Aside from the kiwi, the tūī would have to be one of our most iconic New Zealand birds. Not shy and quite happy living in close proximity to humans and within our ‘modified’ environments, they are stunningly beautiful in appearance and possess a truly wonderful voice.
I found this quote from Captain Cook’s journal during his second voyage to New Zealand: “Under its throat hang two little tufts of snow-white feathers called pois (which being the Tahitian word for earrings, occasioned our giving that name to the bird); which is not more remarkable for the beauty of its plumage than the sweetness of its note. The flesh is also most delicious and was the greatest luxury the wood afforded us.” That last sentence, of course, not very applicable to today’s society and outlooks!
About the tūī
Tūī are very widespread living on all three main islands as well as many offshore islands. The only area where they are not as prevalent is in the drier, largely open country east of the Southern Alps. They occur in a variety of habitats from native forest and scrub (sometimes in exotic forests) to rural gardens, stands of flowering kōwhai and gums, and in suburban parks and gardens – a very adaptable bird. Despite the loss of the vast majority of lowland forest in New Zealand, tūī have benefited from the introduction to New Zealand of a variety of flowering and fruiting plants and hence their ‘liking’ to many man-altered environments. These new species, as well as sugar-water feeders, which are quite popular in gardens, now provide tūī with a reliable year-round supply of nectar and fruit.
From a distance a tūī will look black, but with a closer look, especially in good light, they have a blue, green and bronze iridescent sheen. The back and sides of the neck have beautiful filamentous white feathers almost like a ‘veil’ of fine lacework. (This shows up well in the image on the opposite page). Of course the tūī’s most distinguishing feature and the one for which it is best known is the tuft (poi) of white, curled feathers on the throat. Also white are the small shoulder patches on their wings, which are only visible when in flight. Their physical size is around 30cm long with a weight of an adult male being 125 grams and a female lighter at about 90 grams.
Other than the size, there is no visual difference between a male and female. In scientific terms, this is referred to as monomorphic. Juveniles, on the other hand, are comparatively bland compared to the adults. Their feathers are more of a brown colour and lack the sheen of the older birds. The white throat tufts are completely absent until they mature.
I think the tūī’s call is maybe one of the most iconic ‘Kiwi’ sounds.

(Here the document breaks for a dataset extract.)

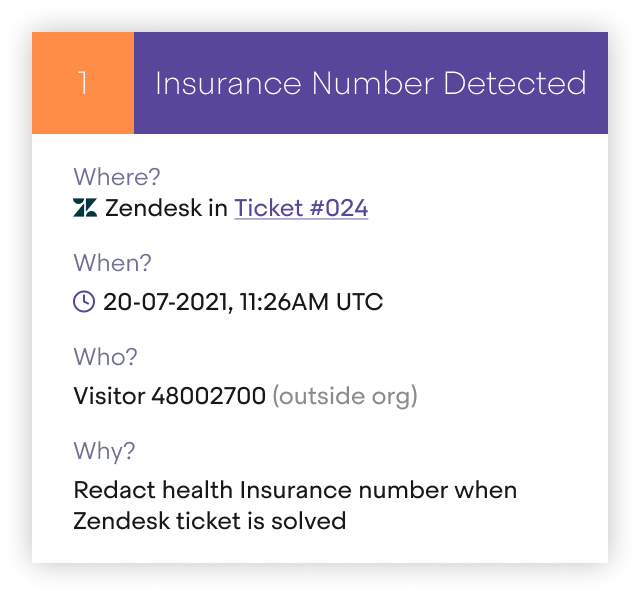 Insurance number detected in Zendesk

They are usually very vocal with a loud and complicated mix of tuneful notes. I love this description I found... “combined bellbird-like notes with added clicks, cackles, timber-like creaks, groans and wheezing sounds”.

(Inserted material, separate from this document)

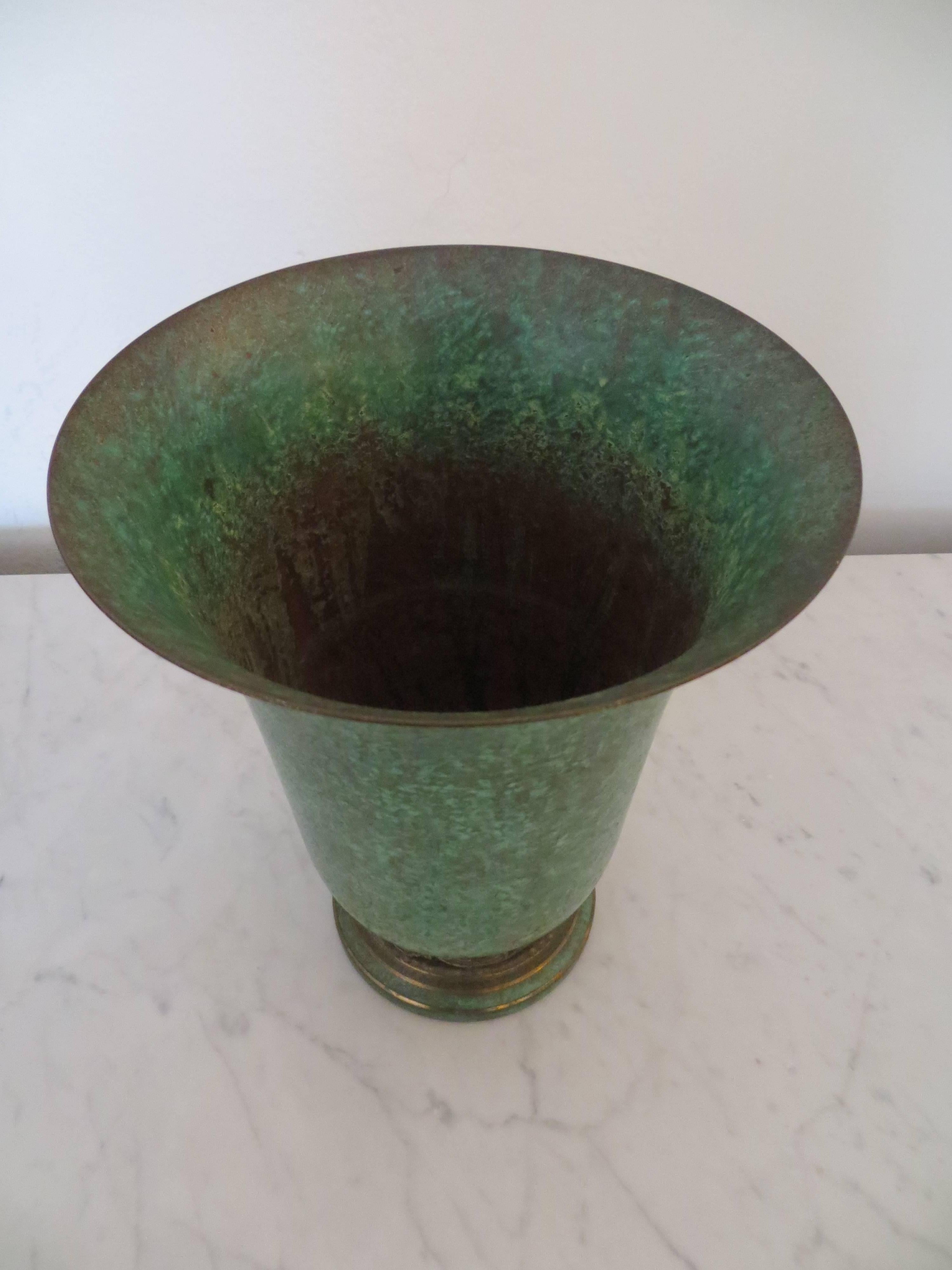 20th Century Vintage Art Deco Bronze Vase by Carl Sorensen For Sale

Some of the wide range of tūī sounds are beyond the human register. Next time you see a tūī singing, stop and watch it. You will probably notice breaks in the sound yet the beak is still agape and the throat tufts throbbing or pulsating.
Each individual will have its own distinct sound or notes depending on the following (or all) factors – geography, locality, season or gender.
Behaviour, Ecology & Breeding
The tūī breeding season runs from September to February. This is also the time you will see their incredible display flights involving flying upwards, high above the bush and then making a noisy, speedy, near-vertical dive back into the canopy. Quite amazing to watch.
Nest building, incubation and brooding are all chores carried out by the female. The male will only jump in and lend a hand once the chicks are born and need feeding. The nest is a rough bulky structure of twigs and sticks, lined with fine grasses placed high in the canopy and will usually contain two to four white or pale-pink eggs, that are marked with reddish-brown spots and blotches. Incubation and fledging are relatively fast being 14 days and 23 days respectively.
The tūī’s diet can vary greatly depending on seasonal availability of nectar and fruits (their much preferred foods), though they are not adverse to supplementing that diet with large invertebrates, such as cicadas and stick insects, during the breeding season. Examples of the seasonal variation are over autumn when medium-sized fruit such as wineberry, māhoe, ngaio and rimu or kahikatea make up much of the diet and in winter when they may turn to flowering gums, varieties of banksias and tree lucerne along with sugar-water feeders in gardens.
Tūī in your garden
With tūī being predominantly nectar feeders like the bellbird, last issue’s advice can apply to the tūī.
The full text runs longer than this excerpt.